Items from a dataset
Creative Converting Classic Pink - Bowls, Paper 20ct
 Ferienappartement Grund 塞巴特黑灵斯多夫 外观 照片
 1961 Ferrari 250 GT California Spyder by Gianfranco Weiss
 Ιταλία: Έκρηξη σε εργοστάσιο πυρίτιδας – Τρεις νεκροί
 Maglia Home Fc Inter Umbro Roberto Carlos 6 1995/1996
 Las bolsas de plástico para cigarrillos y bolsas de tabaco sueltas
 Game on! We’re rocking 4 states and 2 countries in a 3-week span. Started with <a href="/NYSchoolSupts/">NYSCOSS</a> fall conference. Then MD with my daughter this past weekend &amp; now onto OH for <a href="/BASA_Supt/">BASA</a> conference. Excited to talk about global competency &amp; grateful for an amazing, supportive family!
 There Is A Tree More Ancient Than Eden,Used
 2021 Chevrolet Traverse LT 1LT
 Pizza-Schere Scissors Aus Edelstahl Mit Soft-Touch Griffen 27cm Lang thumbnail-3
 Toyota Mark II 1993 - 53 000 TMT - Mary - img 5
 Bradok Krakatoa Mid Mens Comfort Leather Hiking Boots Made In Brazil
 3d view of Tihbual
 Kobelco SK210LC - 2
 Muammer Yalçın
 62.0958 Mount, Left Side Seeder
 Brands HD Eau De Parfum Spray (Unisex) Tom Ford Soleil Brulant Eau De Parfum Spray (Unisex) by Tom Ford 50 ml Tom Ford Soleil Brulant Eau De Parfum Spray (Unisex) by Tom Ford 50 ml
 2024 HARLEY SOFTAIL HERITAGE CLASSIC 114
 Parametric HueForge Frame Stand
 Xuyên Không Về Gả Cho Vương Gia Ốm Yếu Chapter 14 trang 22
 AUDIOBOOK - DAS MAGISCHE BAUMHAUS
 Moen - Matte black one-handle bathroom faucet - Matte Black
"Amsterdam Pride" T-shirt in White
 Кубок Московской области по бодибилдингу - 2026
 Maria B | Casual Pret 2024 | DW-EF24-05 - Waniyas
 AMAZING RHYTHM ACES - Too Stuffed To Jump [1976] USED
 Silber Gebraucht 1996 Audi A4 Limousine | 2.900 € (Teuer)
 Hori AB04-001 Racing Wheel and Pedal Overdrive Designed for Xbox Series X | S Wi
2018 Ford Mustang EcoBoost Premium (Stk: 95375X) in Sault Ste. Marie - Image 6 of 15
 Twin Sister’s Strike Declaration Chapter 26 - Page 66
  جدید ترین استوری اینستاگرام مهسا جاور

THE PROBLEM: Lines after the one containing "Las bolsas de" are not wanted; repeat exactly each line above from the first up to and including it.

EXPECTED OUTPUT:
Creative Converting Classic Pink - Bowls, Paper 20ct
 Ferienappartement Grund 塞巴特黑灵斯多夫 外观 照片
 1961 Ferrari 250 GT California Spyder by Gianfranco Weiss
 Ιταλία: Έκρηξη σε εργοστάσιο πυρίτιδας – Τρεις νεκροί
 Maglia Home Fc Inter Umbro Roberto Carlos 6 1995/1996
 Las bolsas de plástico para cigarrillos y bolsas de tabaco sueltas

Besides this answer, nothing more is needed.